When Ohene began her career in journalism with the Daily Graphic in Ghana, it was during a time of political upheaval. She relocated to London to continue her work as a journalist as the publisher and editor of a weekly news magazine called Talking Drums. She later become the Deputy Editor of Daily Programmes in the African Service division of BBC World Service.
Ohene lived in London for 19 years, after leaving Ghana in need of sanctuary. She remembers London fondly, even now that Ghana is a relatively safe and stable country.

Ghana is now considered the safest country for African journalists, and freedom of the press is reportedly thriving. World Press Freedom Day, sponsored by the UNESCO, was hosted in Ghana in May 2018. This was a significant gesture, as under the regime of Jerry John Rawlings journalists were often classified as enemies of the state and were often tortured and killed. Ohene was working as the editor of the Daily Graphic in Ghana while Rawlings was in control of the country. She published an editorial questioning Rawlings' rule, and she had to leave the country to escape his wrath. She went to London, and established the magazine Talking Drums, with two colleagues who escaped with her. The purpose of Talking Drums was to have a platform to expose the human rights abuses happening in Ghana. In 2021, she was appointed Chair of the Board of the Social Security and National Insurance Trust (SSNIT) by President Nana Addo Dankwa Akufo-Addo.

She has also been a voice of conscience in the Ghanaian socio-político landscape with her literary writings. In 2022, she argued that the affirmative action bill will be hard to pass as it appears to be a threat to men in position.
Subsequently, she opined her voice on Anas's galamsey exposé, citing it as misleading.

== Politics ==
Ohene opposes corrupt public officials in Ghana; she has stated that corruption should be known as "stealing" and pointed out that it is a scourge on progress for any country.

She has stood up for freedom of the press. In 2016, she advocated for a reporter who was banned from the Ghana Parliament for suspected misreporting, stating that she believes a reporter's job is to push boundaries, and that mistakes should be a teachable moment but nothing more severe.
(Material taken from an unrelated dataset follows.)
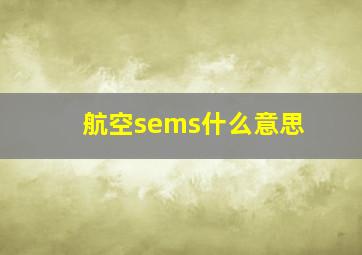 航空sems什么意思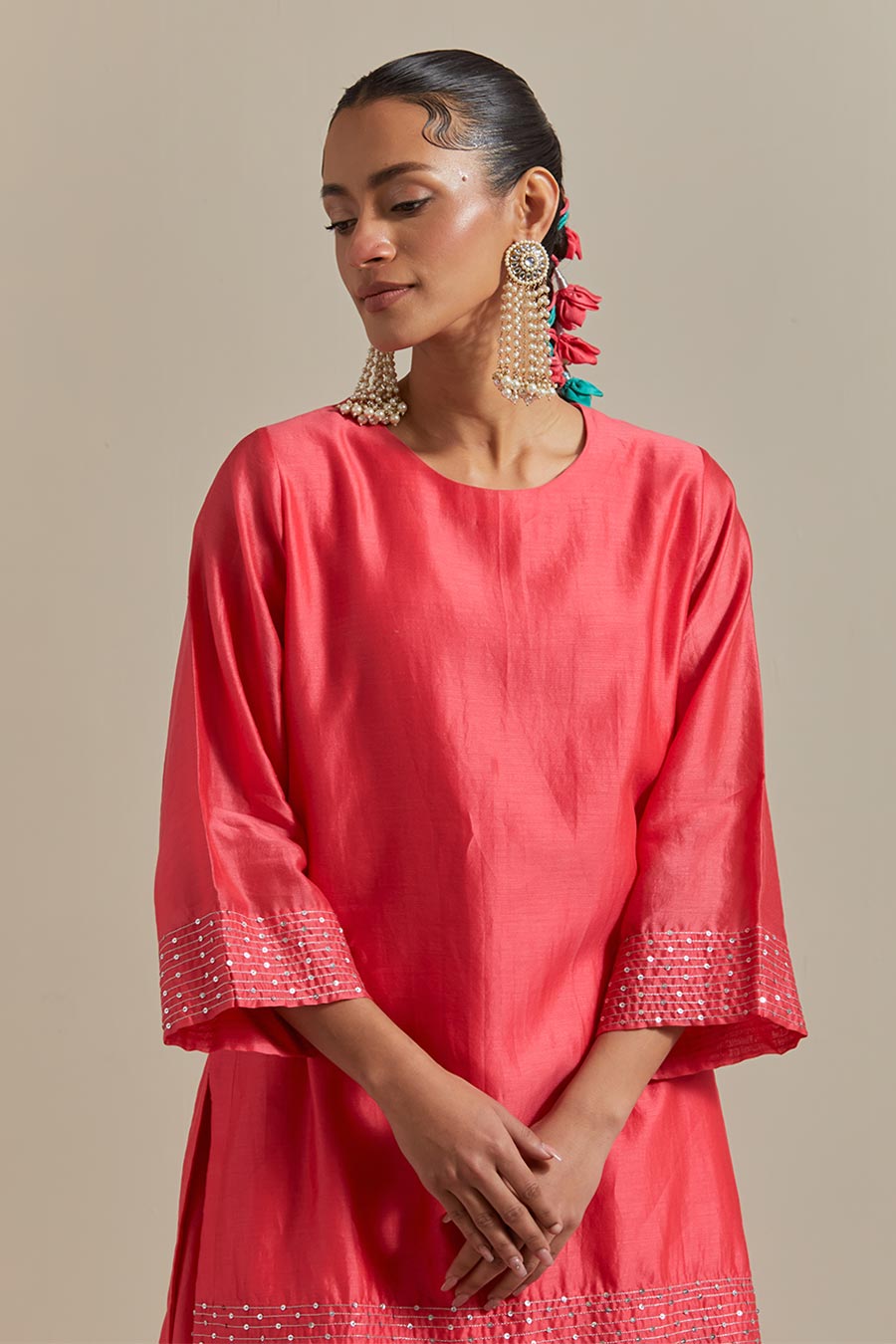Pink Embroidered Short Kurta & Lehenga Set (Set Of 2)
Ohene is in favour of limiting the population growth in Ghana, as a measure to decrease poverty. She supports the work of Dr Leticia Adelaide Appiah, executive director of the National Population Council, and Appiah's proposal that women in Ghana should be limited to three children or lose access to free government services.

Ohene has been criticized by the Volta Youth Forum for her lack of support for traditional rulers, specifically for her harsh words against Togbe Afede XIV, the Paramount Chief of the Asorgli State and the President of the National House of Chiefs, in 2018.